Successivamente, la giurisprudenza, evolvendosi, ha iniziato a riconoscere rilevanza, ai fini dell’integrazione dell’infermità mentale, anche ad altre malattie non ricomprese nell’elenco tassativo delle malattie mentali accogliendo così una concezione fondata sul cd modello integrato. Si tratta di una visione integrata che tiene conto di tutte le variabili, biologiche, psicologiche, sociali e relazionali che entrano in gioco nel determinismo della malattia. Si verifica, così, il superamento della visione eziologica monocausale della malattia mentale, pervenendosi ad una concezione multifattoriale integrata.
Si comprende, pertanto, l’andamento ondivago della giurisprudenza circa l’idoneità dei disturbi della personalità ad integrare l’infermità mentale a seconda che essa accolga il risalente orientamento nosografico o quello più moderno multifattoriale della malattia mentale.
LA SOLUZIONE
Un punto fermo è stato posto dalla giurisprudenza con l’arresto delle Sezioni Unite Raso del 2005 e al quale tutta la giurisprudenza successiva, compresa la pronuncia in esame, si è uniformata.
Pertanto, quanto all’integrazione dell’infermità mentale ad opera dei disturbi della personalità border line narcisistici, da cui è risultato affetto l’imputato, la Corte di Cassazione ha dato seguito al suddetto arresto delle Sezioni Unite 2005 ritenendo che i disturbi della personalità possono rientrare nel concetto di “infermità” ma gli stessi devono essere di tale consistenza, intensità e gravità da incidere concretamente sulla capacità di intendere e di volere del soggetto, escludendola o facendola scemare grandemente in presenza pur sempre di un nesso eziologico tra il disturbo mentale e la condotta criminosa, mentre nessun rilievo può riconoscersi ad altre anomalie caratteriali o alterazioni o disarmonie della personalità prive dei suddetti caratteri, nonché agli stati emotivi e passionali che non si inseriscano, eccezionalmente, in un quadro più ampio di infermità.
Nel caso di specie, le anomalie caratteriali dell’imputato (che trovano radice nel suo sofferto vissuto), che sono state oggetto anche di accertamenti neuroscientifici (disciplina che sempre più si sta rivelando di ausilio per fare chiarezza sugli imperscrutabili meccanismi della volizione umana), hanno sì segnato negativamente la sua personalità ma non sono state ritenute idonee ad integrare né una malattia di mente, né anomalie di intensità tale da escludere né scemare grandemente la sua capacità di intendere e di volere.
Dunque, non hanno soddisfatto i criteri dettati dalla sentenza Raso 2005.
Ritenuto l’imputato capace di intendere e di volere, la Suprema Corte ha ritenuta priva di censure la doglianza da questi proposta circa la ritenuta sussistenza della circostanza aggravante della premeditazione, compiendo altresì una precisazione di rilievo in ordine alla compatibilità tra la stessa ed il dolo condizionato.
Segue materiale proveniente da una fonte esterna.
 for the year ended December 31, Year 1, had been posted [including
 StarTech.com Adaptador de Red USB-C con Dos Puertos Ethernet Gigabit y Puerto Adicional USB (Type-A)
Nella specie, l’imputato aveva mentalmente condizionato il rifiuto a tornare insieme opposto dalla ex fidanzata come dirimente ai fini della sua uccisione. Sul punto la Corte di Cassazione ha ritenuto che non debbano essere confusi il condizionamento di un proposito omicida già maturato con l’occasionalità dell’insorgenza dello stesso, in quanto è ben possibile ritenere la premeditazione anche in costanza di un proposito omicida condizionato.